-------- Input data --------
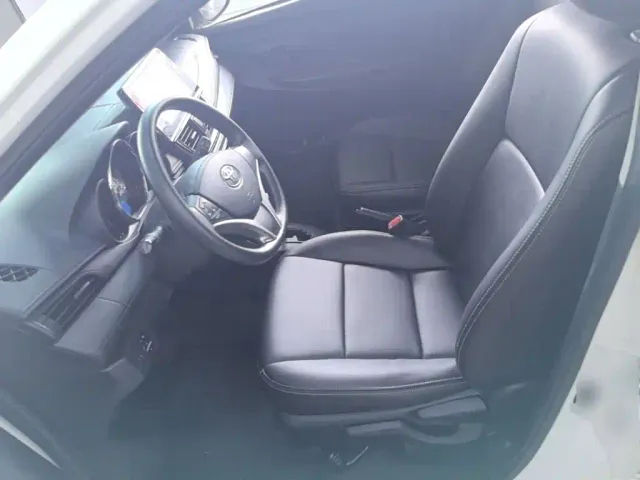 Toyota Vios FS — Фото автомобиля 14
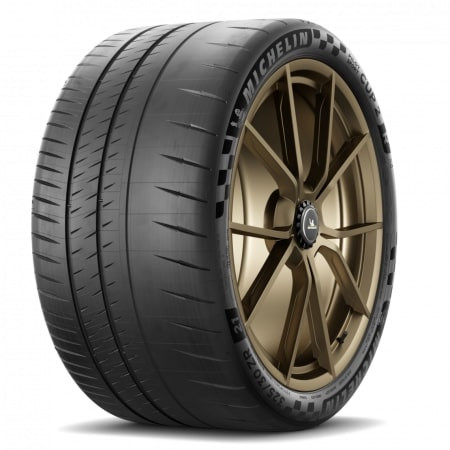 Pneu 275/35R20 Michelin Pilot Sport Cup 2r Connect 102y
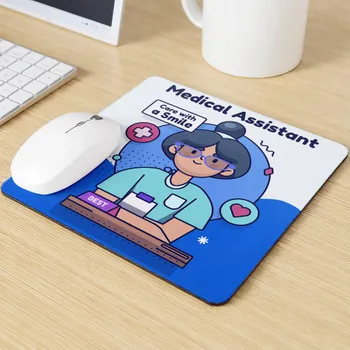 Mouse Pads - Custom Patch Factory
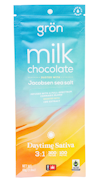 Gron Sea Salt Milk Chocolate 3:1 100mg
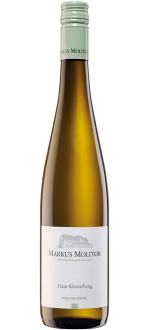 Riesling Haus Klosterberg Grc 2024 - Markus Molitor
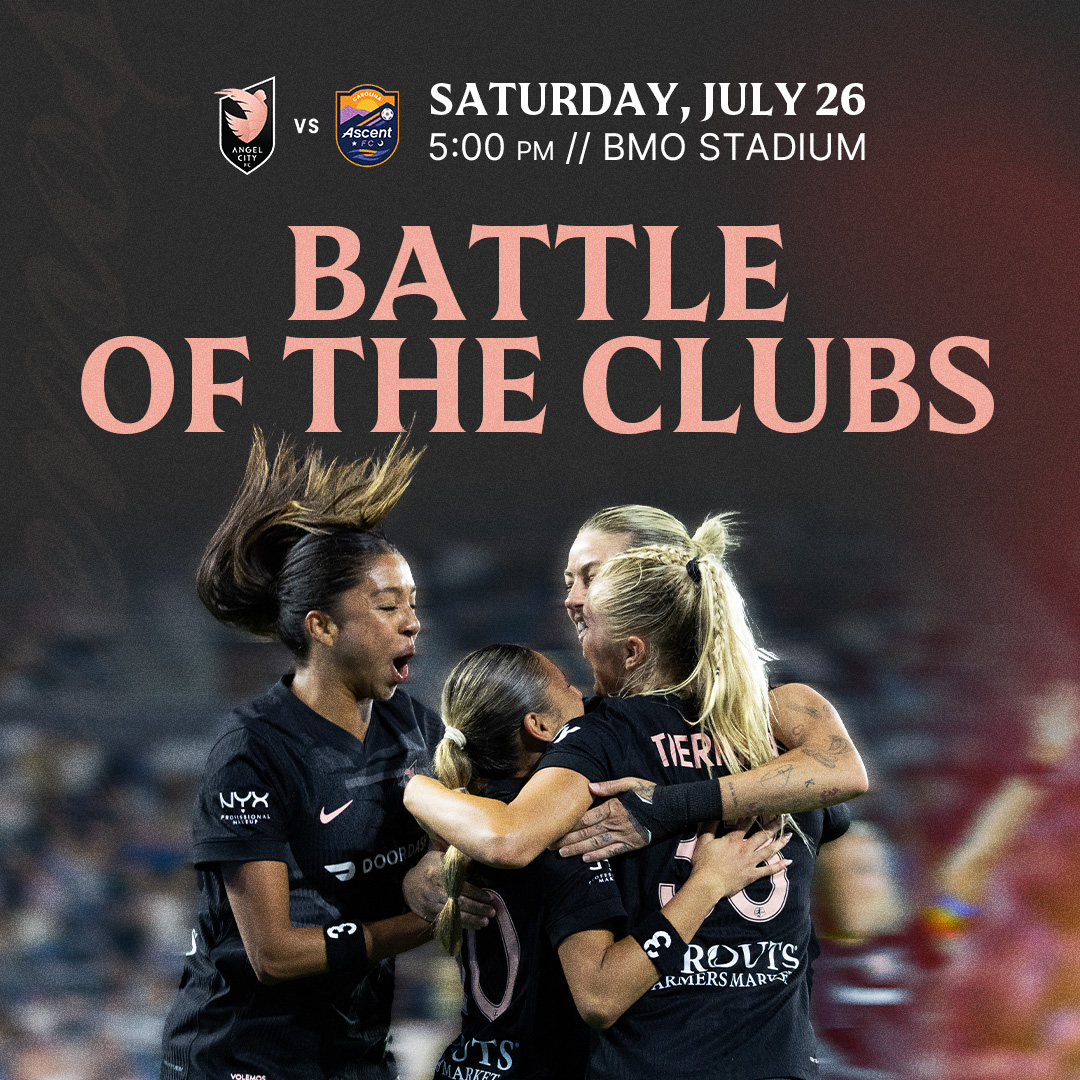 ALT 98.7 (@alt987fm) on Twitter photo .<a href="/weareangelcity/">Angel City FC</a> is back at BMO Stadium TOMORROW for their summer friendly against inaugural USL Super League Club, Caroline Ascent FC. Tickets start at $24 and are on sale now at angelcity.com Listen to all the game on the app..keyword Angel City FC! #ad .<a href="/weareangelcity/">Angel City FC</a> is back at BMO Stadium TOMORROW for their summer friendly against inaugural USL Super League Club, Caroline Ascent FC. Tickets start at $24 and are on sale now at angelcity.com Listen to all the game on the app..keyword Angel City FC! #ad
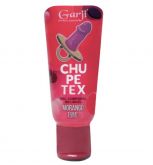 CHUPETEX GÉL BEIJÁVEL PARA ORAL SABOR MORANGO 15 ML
--------
-------- Input data --------
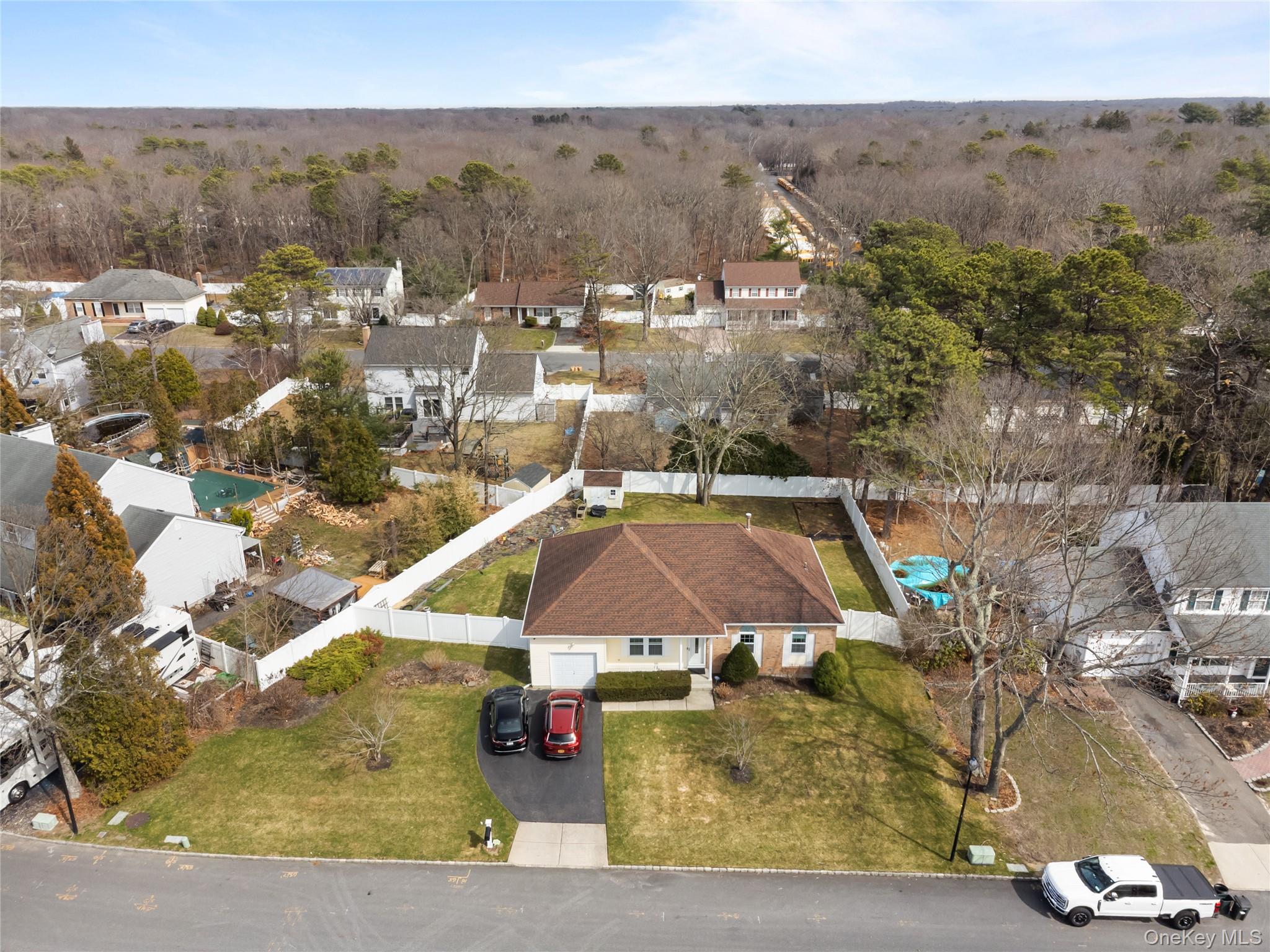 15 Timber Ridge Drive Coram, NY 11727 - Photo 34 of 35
--------
◆ Exercise brief: Only one stretch of the entries above is needed: the lines from the one containing "Mouse Pads - Custom Patch Factory" through the one containing "Riesling Haus Klosterberg". Copy it exactly, without the pictures.

◆ Output for this task:
 Mouse Pads - Custom Patch Factory
 Gron Sea Salt Milk Chocolate 3:1 100mg
 Riesling Haus Klosterberg Grc 2024 - Markus Molitor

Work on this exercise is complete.